> _YOUR INSTRUCTIONS_
In the records below, find the line containing "309 North Road SE, Warren, OH 44484 Photo 9", then copy that line and all lines after it, exactly, omitting every picture.

─── DATA FOR ANALYSIS

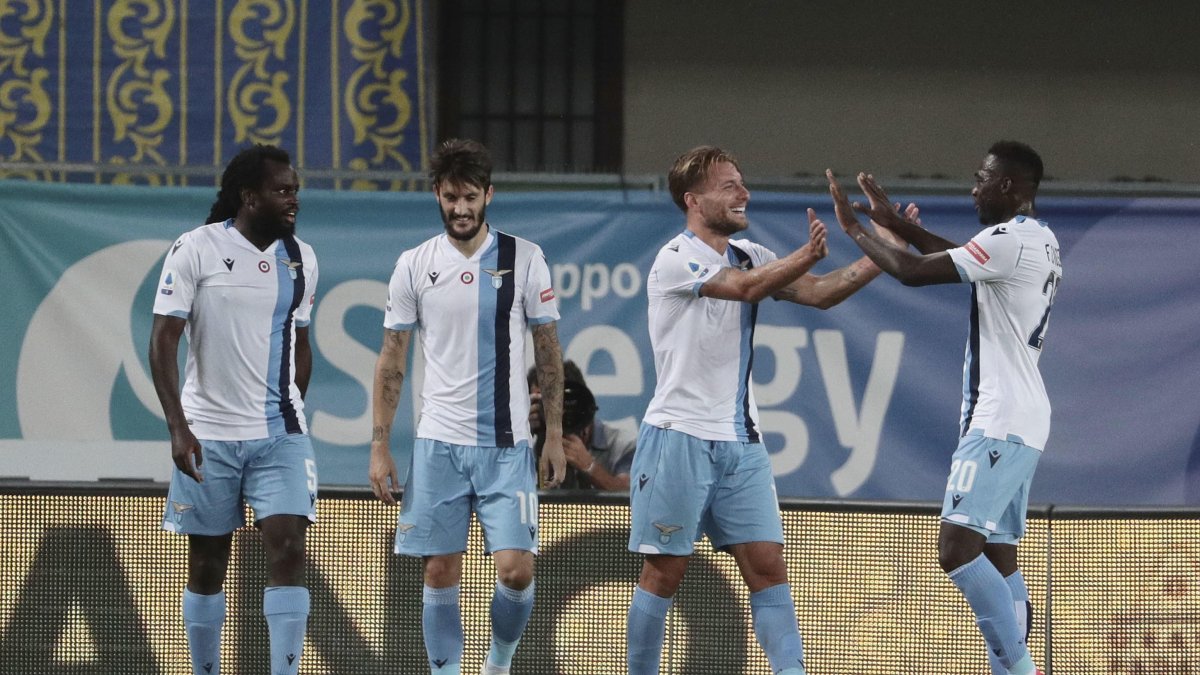 Felipe Caicedo (d), atacante del Lazio, felicita a Ciro Immobile, autor de una triplete frente al Verona.
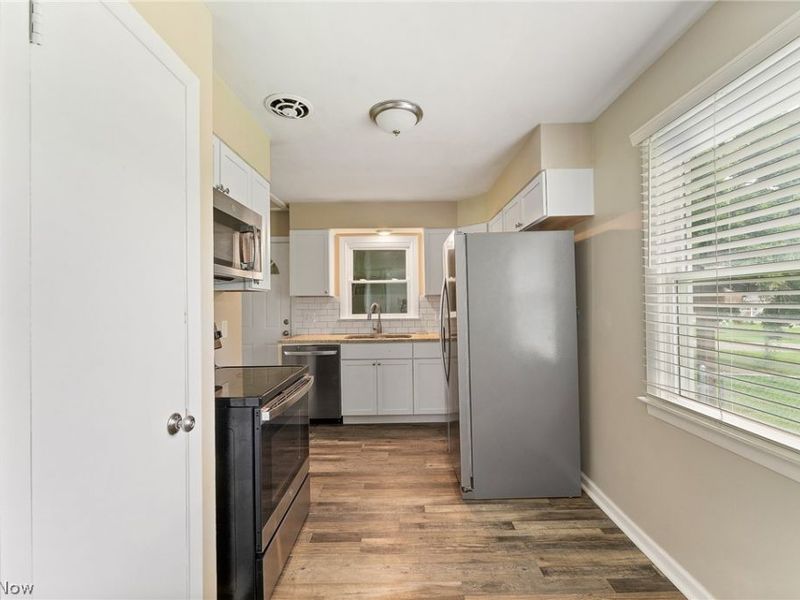 309 North Road SE, Warren, OH 44484 Photo 9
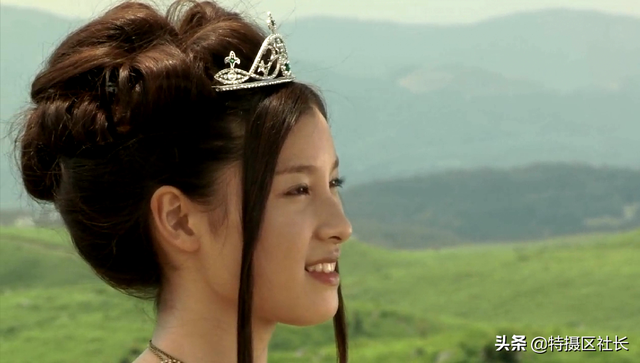 格丽乔被赛罗亲了一口图片，小时候的泰罗奥特曼（盘点赛罗的狂热女粉）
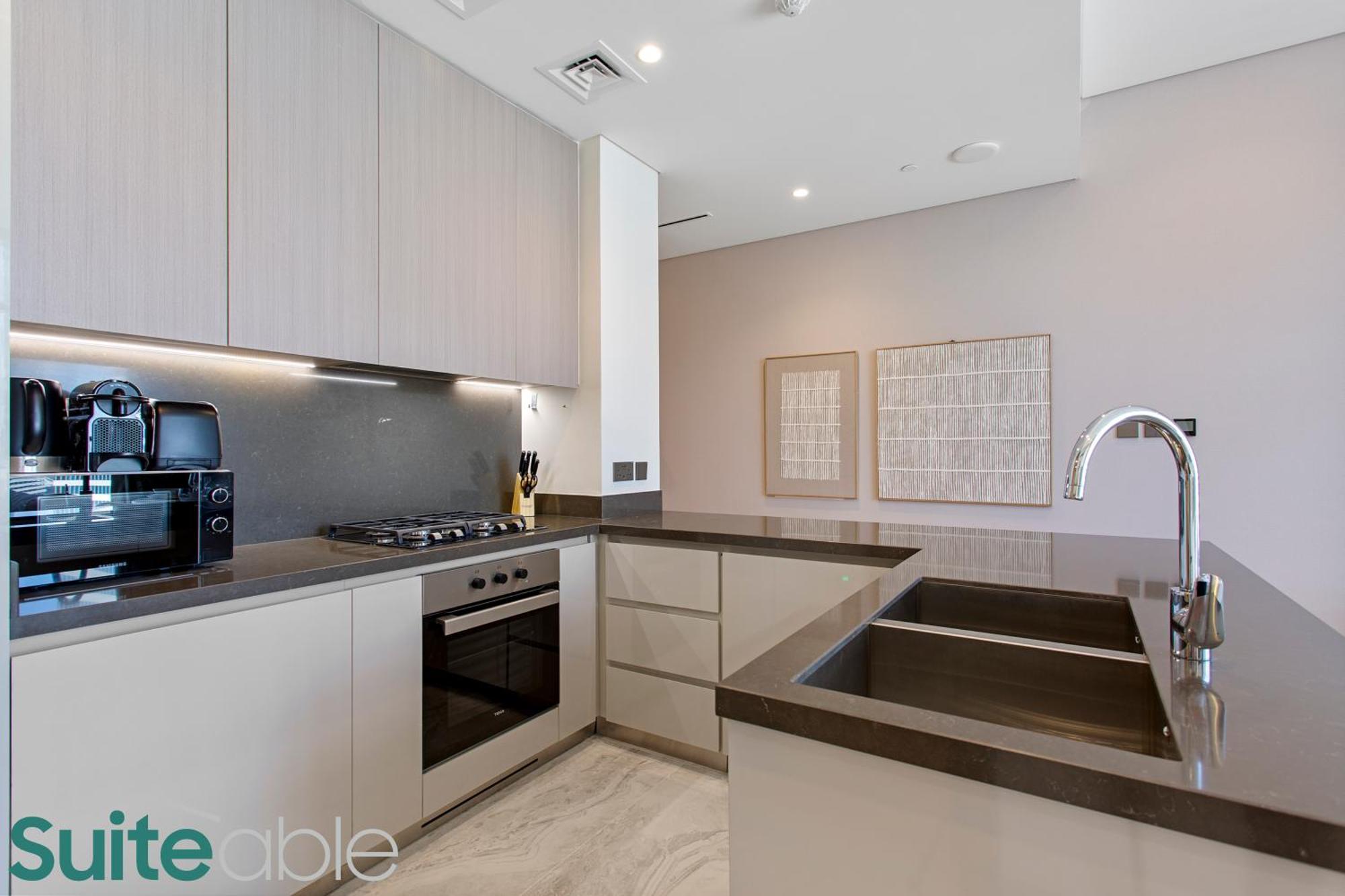 Luxury One Bedroom With Burj Khalifa View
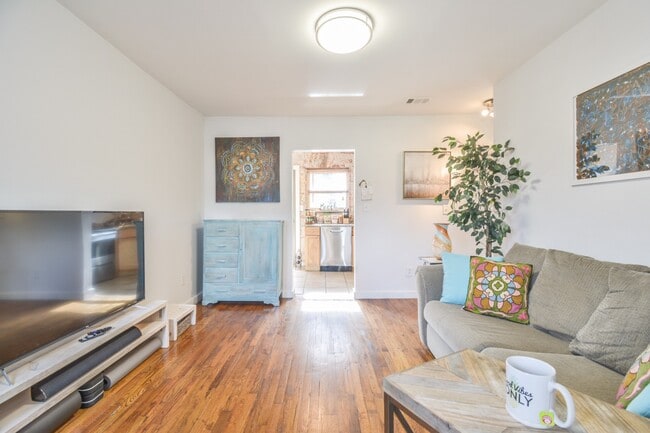 Building Photo - 571 Formwalt St SW Unit 10 Rental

──────

> _SOLUTION_
 309 North Road SE, Warren, OH 44484 Photo 9
 格丽乔被赛罗亲了一口图片，小时候的泰罗奥特曼（盘点赛罗的狂热女粉）
 Luxury One Bedroom With Burj Khalifa View
 Building Photo - 571 Formwalt St SW Unit 10 Rental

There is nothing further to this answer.